Yesterday, when Disney announced their acquisition of Marvel Entertainment Group, we speculated that Disney would probably like to get back the number of superhero characters that Marvel had licensed out to other movie studios in the 1990s. Well, they’re going to have to wait a bit longer on getting the Fantastic Four back in the corporate stable as Twentieth Century Fox has announced that they have hired writer/producer Akiva Goldsman to spearhead a reboot of the franchise. Michael Green, who has scripted the upcoming superhero film Green Lantern, has been brought on to write the screenplay.
Fox has been closed-lipped about any further details, but if they are calling it a reboot, than it is doubtful that director Tim Story or any of the cast from Fox’s two previous Fantastic Four films will be back.
In Variety‘s report, they note that “Fox controls Fantastic Four in perpetuity — as long as it continues making the films.” However, they don’t specify under what conditions must Fox continue making films. Does one need to be in production every three or, more appropriately perhaps, four years or else the rights revert back to Marvel?

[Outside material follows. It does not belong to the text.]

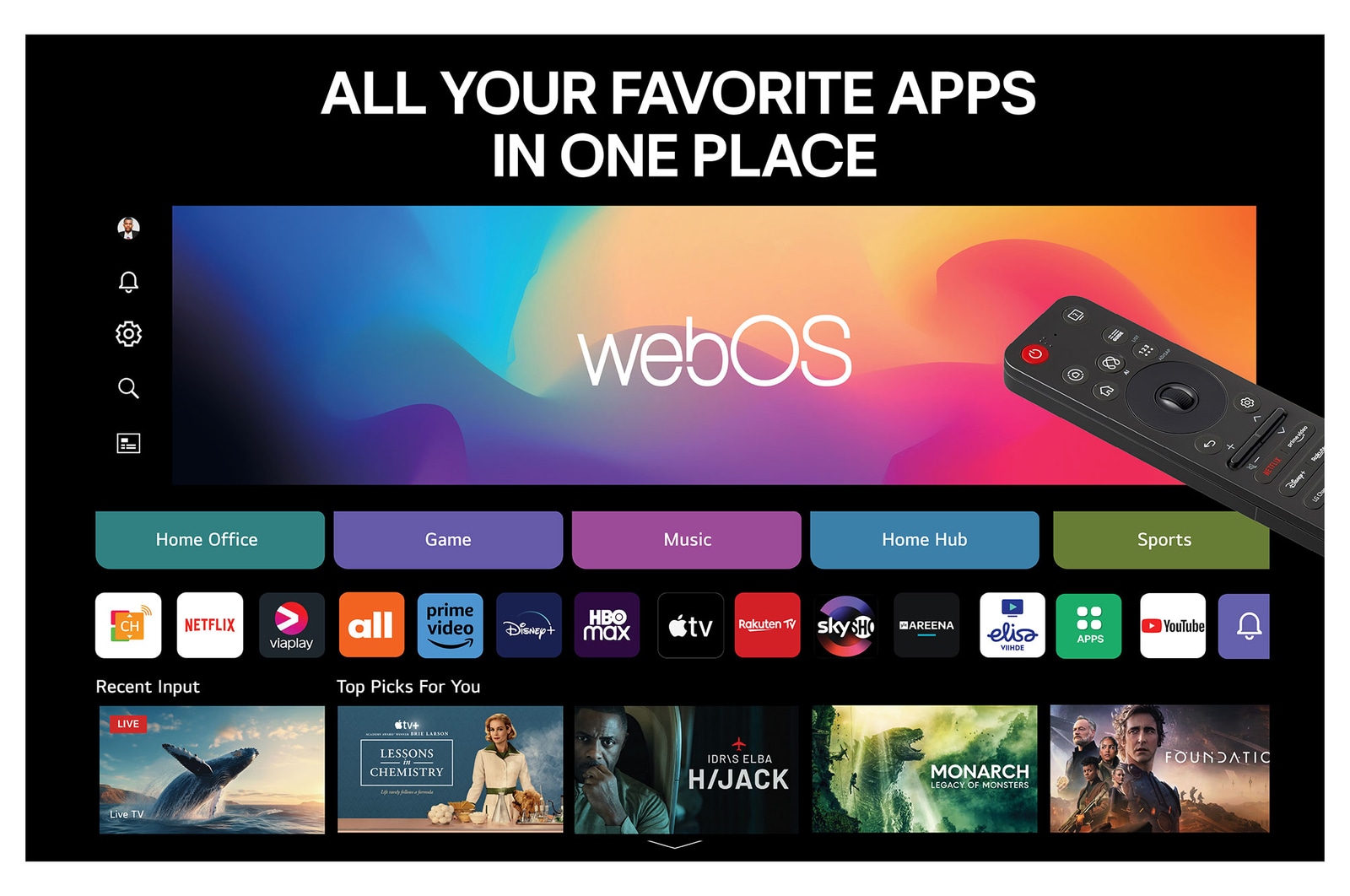 The alpha 9 AI Processor Gen8 lights up with different shades of blue and bolts of light shoot out from it highlighting its circuits. Performance statistics are visible. 1.7 times greater AI neural processing, NPU. 1.7 times faster operation, CPU. 2.1 times improved graphics, GPU.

Although Fox’s previous two Fantastic Four movies grossed a little over a total of $620 million at the box office, critics and the comic characters’ core fanbase only greeted the franchise lukewarmly.
To say that I was one who only greeted the films lukewarmly would be a generous appraisal of my feelings. I found the tone of the films to be off, the stories lacking any of the scope that the material implies and the direction to be weak. From that standpoint, a reboot is most welcome in my view.
However, I am given pause at Goldsman’s involvement. Sure he has an Academy Award for scripting A Beautiful Mind, but that film and many others that have passed through Goldsman’s typewriter seem to have a way of falling about in their third act. Hopefully, he will stay on just the production side of things and let Green – whose Green Lantern script is rather good – do his stuff.
There has been no word on the fate of Fox’s in development Fantastic Four spin-off feature Silver Surfer. The studio has a screenplay by J. Michael Straczynski, but has not yet given a greenlight.
TWO films is a franchise and already we’re in need of a REBOOT? What the H*ll is wrong with Hollywood.
MY own wonderment on this takeover. Universal Studios Theme Park has a whole Marvel world. Wonder how long it’ll take for that to be replaced.